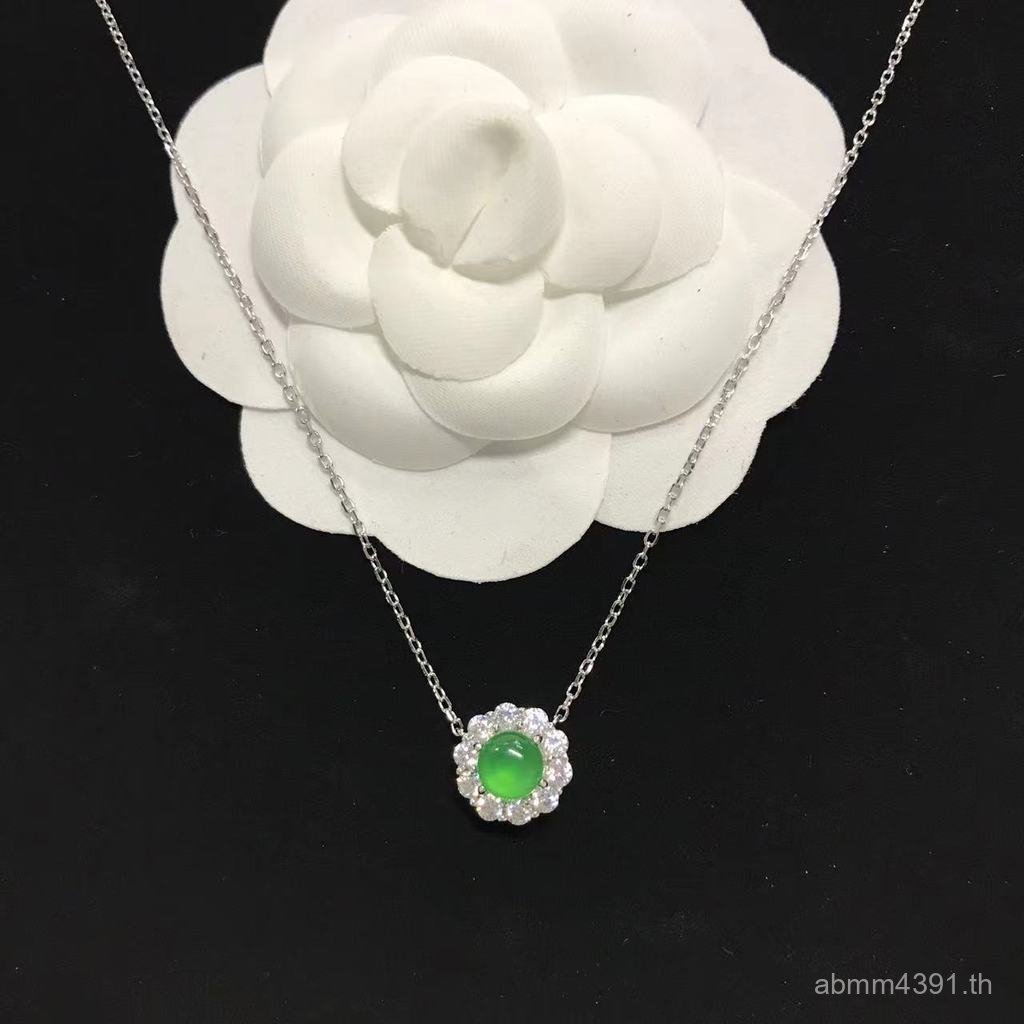 ร้อยสร้อยคอเงินใหม่ Pure Light Chalcedony สไตล์จีน s925 จีน High-End สร้อยคอหรูหราหญิง Simple Feel R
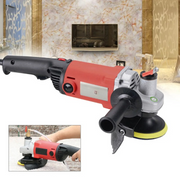 Polijstmachine - 1400W – Variabele Snelheid Natte -Stepless Snelheidscontrole – Voor Beton, Marmer & Graniet – 1100-8100 RPM – 40cm – Rood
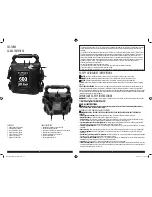 Preview for 2 page of Stanley J6BS Instruction Manual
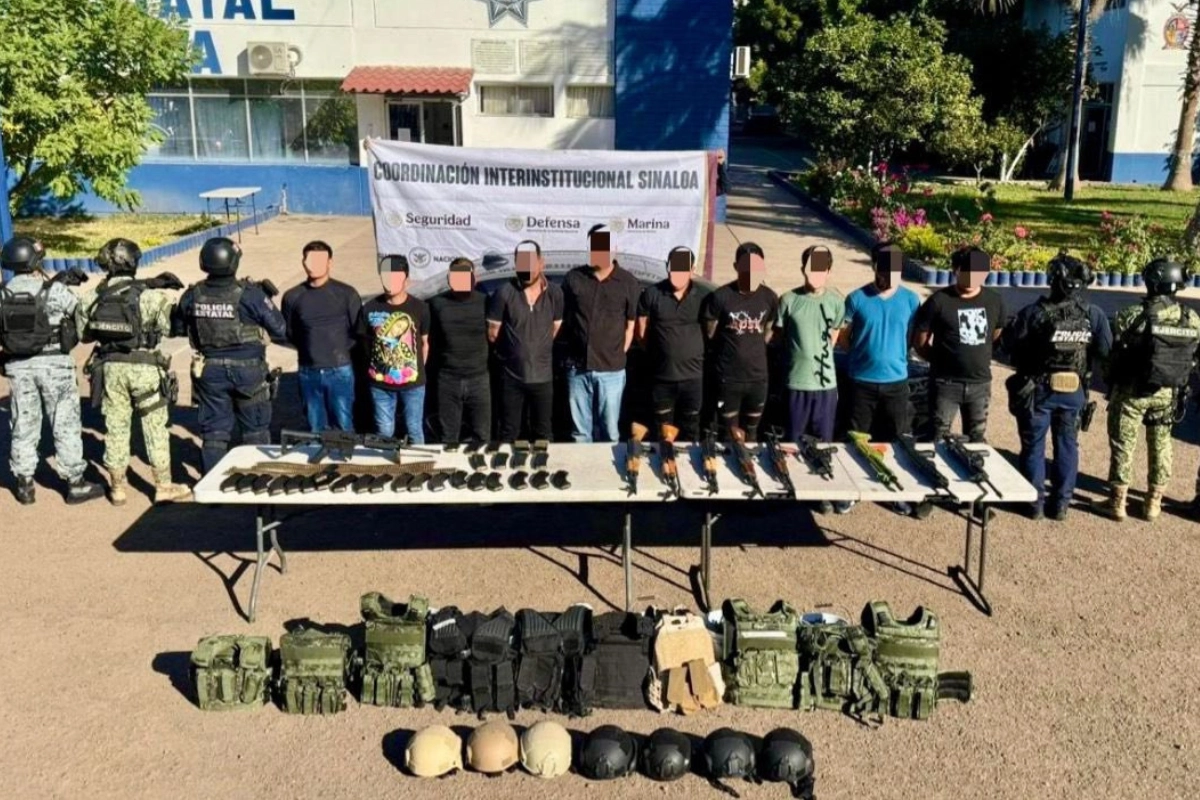 Blow to 039Los Chapitos039 10 members arrested in Sinaloa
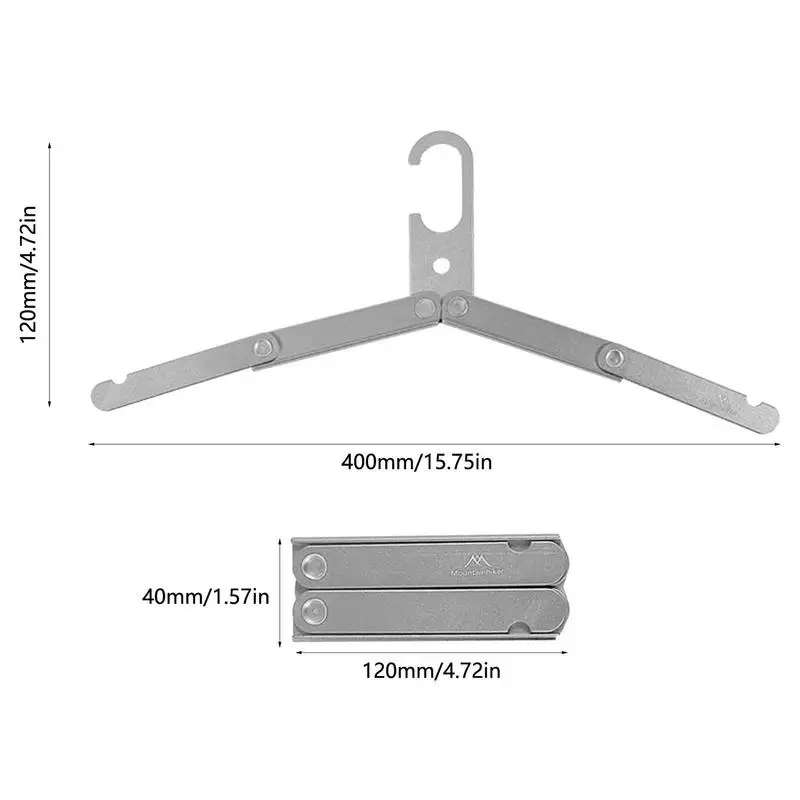 캠핑용 접이식 옷 행거, 알루미늄 합금 코트 행거, 휴대용 건조 랙, 공간 절약형 간편한 보관 코트 스탠드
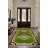 Argan Collection Digital Print Cotton-Polyester Green Moroccan Rug-1939839656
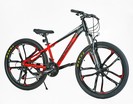 Велосипед 26 AL Corso «SPIDER» SP-26800 алюміній 13", (к-т SHIMANO) чорно-червоний, литі диски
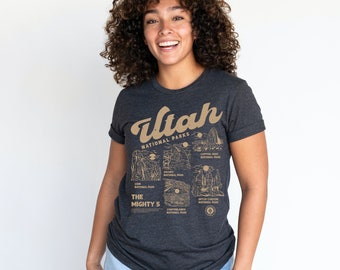 Utah National Parks T-Shirt: The Mighty 5 Hiking Tee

··········

For this task, give again exactly the lines from the line with "Argan Collection Digital" through the end of the entries, including both ends, and omit the pictures.

 Argan Collection Digital Print Cotton-Polyester Green Moroccan Rug-1939839656
 Велосипед 26 AL Corso «SPIDER» SP-26800 алюміній 13", (к-т SHIMANO) чорно-червоний, литі диски
 Utah National Parks T-Shirt: The Mighty 5 Hiking Tee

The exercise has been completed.